Considering Bivariate Dependencies

If bivariate dependencies between loss frequencies and severities in the single cells shall be considered, copula models can be fitted using the fitDependency function. fitDependency is an interface to the VineCopula package and thus uses the VineCopula package encoding (0 = independence copula, 1 = Gaussian copula, 2 = t copula, 3 = Clayton copula, 4 = Gumbel copula, 5 = Frank copula, 6 = Joe copula, for details, see the BiCop function documentation in the VineCopula package). If independence is assumed, it can be either specified by the independence copula (0) or simply not be specified.

### Fit Dependency Model
opriskmodel[[1]]$dependency=fitDependency(lossdat[[1]],6)
opriskmodel[[2]]$dependency=fitDependency(lossdat[[1]],0)
opriskmodel[[4]]$dependency=fitDependency(lossdat[[4]],4)

Total Loss Estimation by Monte Carlo Simulation

Given a correctly specified opriskmodel, total loss for the single cells can be estimated by Monte Carlo simulation (mcSim function). The simulation result should be stored, so that afterwards Value-at-Risk can be determined by the VaR function. Especially depending on complex dependency or loss severity models, the simulation can be time consuming.

### Monte Carlo Simulation
mc_out=mcSim(opriskmodel,100,verbose=FALSE)

### Value-at-Risk Calculation
VaR(mc_out,.95)
##      95%      95%      95%      95% 
## 61310.73 76112.23 69023.18 93571.80

Single Loss Approximation

A closed form approximation of Value-at-Risk can also be determined using a tail index based quantile approximation assuming independence of the loss severity and loss frequency.

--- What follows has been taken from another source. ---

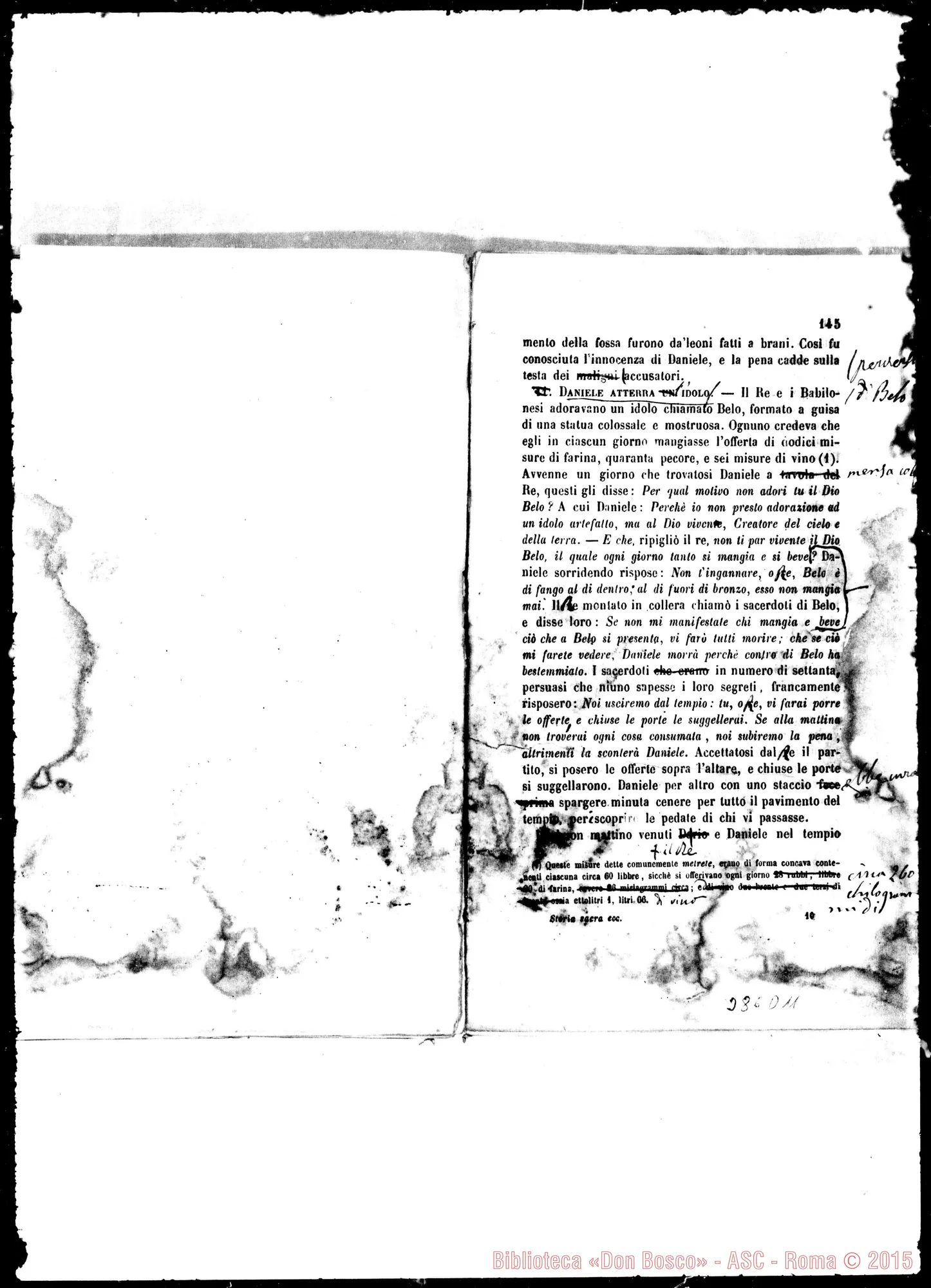 Fotogramma D 11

This procedure is numerically fast and can e.g., be used for validating Monte Carlo simualtion based risk figures.

### Benchmark: Value-at-Risk by Single Loss Approximation
sla(opriskmodel,.95)
## OpRiskmodel - SLA:  95 % 
## ----------------------------------------------
##           VaR              Interpolation
## Cell 1 :  55966.8990739074 FALSE        
## Cell 2 :  64288.3331035468 FALSE        
## Cell 3 :  61643.0792691836 FALSE        
## Cell 4 :  52502.2602087465 FALSE

In case that the spline based interpolation is needed, it can also be graphically shown, consider the following example:

opriskmodel2 = list()
opriskmodel2[[1]] = list()
opriskmodel2[[1]]$sevdist = buildSplicedSevdist("lgamma", c(1.23, 0.012), "gpd", c(200, 716, 0.9), 2000, 0.8)
opriskmodel2[[1]]$freqdist = buildFreqdist("pois", 50)

#generate plot if interpolation was performed
sla(opriskmodel2, alpha = 0.95, plot = TRUE) 

plot of chunk unnamed-chunk-9

## OpRiskmodel - SLA:  95 % 
## ----------------------------------------------
##           VaR             Interpolation
## Cell 1 :  452936.08563854 TRUE

References

Degen, M. (2010): The calculation of minimum regulatory capital using single-loss approximations. The Journal of Operational Risk, 5(4), 3.

Dehler, K. (2017): Bayesianische Methoden im operationellen Risiko. Master's Thesis, Friedrich-Alexander-University Erlangen-Nuremberg.

Ergashev, B. et al. (2013): A Bayesian Approach to Extreme Value Estimation in Operational Risk Modeling. Journal of Operational Risk 8(4):55-81

Frigessi, A. et al. (2002): A Dynamic Mixture Model for Unsupervised Tail Estimation Without Threshold Selection. Extremes 5(3):219-235

Kuo, T. C. and Headrick, T. C. (2014): Simulating Univariate and Multivariate Tukey g-and-h Distributions Based on the Method of Percentiles. ISRN Probability and Statistics.

Pfaelzner, F. (2017): Einsatz von Tukey-type Verteilungen bei der Quantifizierung von operationellen Risiken. Master's Thesis, Friedrich-Alexander-University Erlangen-Nuremberg.

Reynkens, T. et al. (2017): Modelling Censored Losses Using Splicing: a global fit strategy with mixed Erlang and Extreme Value Distributions. Insurance: Mathematics and Economics 77:67-77

Tukey, J. W. (1960): The Practical Relationship between the Common Transformations of Counts of Amounts. Technical Report 36, Princeton University Statistical Techniques Research Group, Princeton.